Through the line that contains "Not too long", return the data below exactly, starting at its first line; leave the rest out.

++++ Source records

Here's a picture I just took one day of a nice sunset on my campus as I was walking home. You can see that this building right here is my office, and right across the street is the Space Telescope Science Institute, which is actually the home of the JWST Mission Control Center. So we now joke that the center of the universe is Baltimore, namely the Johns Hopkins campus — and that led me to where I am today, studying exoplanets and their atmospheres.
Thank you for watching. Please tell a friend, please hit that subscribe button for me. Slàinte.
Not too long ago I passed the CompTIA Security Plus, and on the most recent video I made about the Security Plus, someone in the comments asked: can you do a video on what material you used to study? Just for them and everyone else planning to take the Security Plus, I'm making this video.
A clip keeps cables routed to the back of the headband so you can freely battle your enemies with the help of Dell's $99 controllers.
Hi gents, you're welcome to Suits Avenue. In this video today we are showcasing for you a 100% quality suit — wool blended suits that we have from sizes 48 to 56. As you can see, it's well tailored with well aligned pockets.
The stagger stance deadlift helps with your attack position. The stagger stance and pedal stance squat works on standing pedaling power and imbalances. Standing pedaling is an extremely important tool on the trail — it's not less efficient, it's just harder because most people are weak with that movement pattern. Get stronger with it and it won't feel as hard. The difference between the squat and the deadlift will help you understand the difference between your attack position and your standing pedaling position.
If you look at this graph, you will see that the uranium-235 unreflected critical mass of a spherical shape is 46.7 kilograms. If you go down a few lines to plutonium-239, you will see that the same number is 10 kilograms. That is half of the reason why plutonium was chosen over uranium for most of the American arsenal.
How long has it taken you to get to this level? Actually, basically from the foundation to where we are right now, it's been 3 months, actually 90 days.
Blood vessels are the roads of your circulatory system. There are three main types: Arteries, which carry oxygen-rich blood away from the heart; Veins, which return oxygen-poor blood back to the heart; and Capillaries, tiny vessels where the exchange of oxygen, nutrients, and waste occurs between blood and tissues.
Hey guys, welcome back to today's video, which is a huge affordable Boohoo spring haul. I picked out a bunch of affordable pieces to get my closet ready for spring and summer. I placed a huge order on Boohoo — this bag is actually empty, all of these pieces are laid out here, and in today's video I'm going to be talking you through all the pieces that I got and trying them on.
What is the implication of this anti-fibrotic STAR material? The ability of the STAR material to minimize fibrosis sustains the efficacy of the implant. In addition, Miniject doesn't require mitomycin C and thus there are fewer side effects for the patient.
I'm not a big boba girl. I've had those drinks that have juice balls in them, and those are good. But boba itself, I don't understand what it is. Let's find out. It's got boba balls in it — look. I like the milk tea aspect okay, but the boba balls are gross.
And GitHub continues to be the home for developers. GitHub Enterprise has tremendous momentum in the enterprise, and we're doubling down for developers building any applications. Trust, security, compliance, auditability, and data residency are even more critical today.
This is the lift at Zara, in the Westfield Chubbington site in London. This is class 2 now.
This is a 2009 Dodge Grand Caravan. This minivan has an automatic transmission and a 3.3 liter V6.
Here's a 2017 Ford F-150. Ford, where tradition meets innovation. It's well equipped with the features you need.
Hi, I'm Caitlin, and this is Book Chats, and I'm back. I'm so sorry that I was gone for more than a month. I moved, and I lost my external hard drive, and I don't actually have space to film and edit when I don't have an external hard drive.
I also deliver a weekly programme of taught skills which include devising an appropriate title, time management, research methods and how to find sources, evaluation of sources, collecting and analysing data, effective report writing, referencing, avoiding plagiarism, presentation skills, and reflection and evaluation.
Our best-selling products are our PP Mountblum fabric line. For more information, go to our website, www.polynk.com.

++++++++

### Answer section
Here's a picture I just took one day of a nice sunset on my campus as I was walking home. You can see that this building right here is my office, and right across the street is the Space Telescope Science Institute, which is actually the home of the JWST Mission Control Center. So we now joke that the center of the universe is Baltimore, namely the Johns Hopkins campus — and that led me to where I am today, studying exoplanets and their atmospheres.
Thank you for watching. Please tell a friend, please hit that subscribe button for me. Slàinte.
Not too long ago I passed the CompTIA Security Plus, and on the most recent video I made about the Security Plus, someone in the comments asked: can you do a video on what material you used to study? Just for them and everyone else planning to take the Security Plus, I'm making this video.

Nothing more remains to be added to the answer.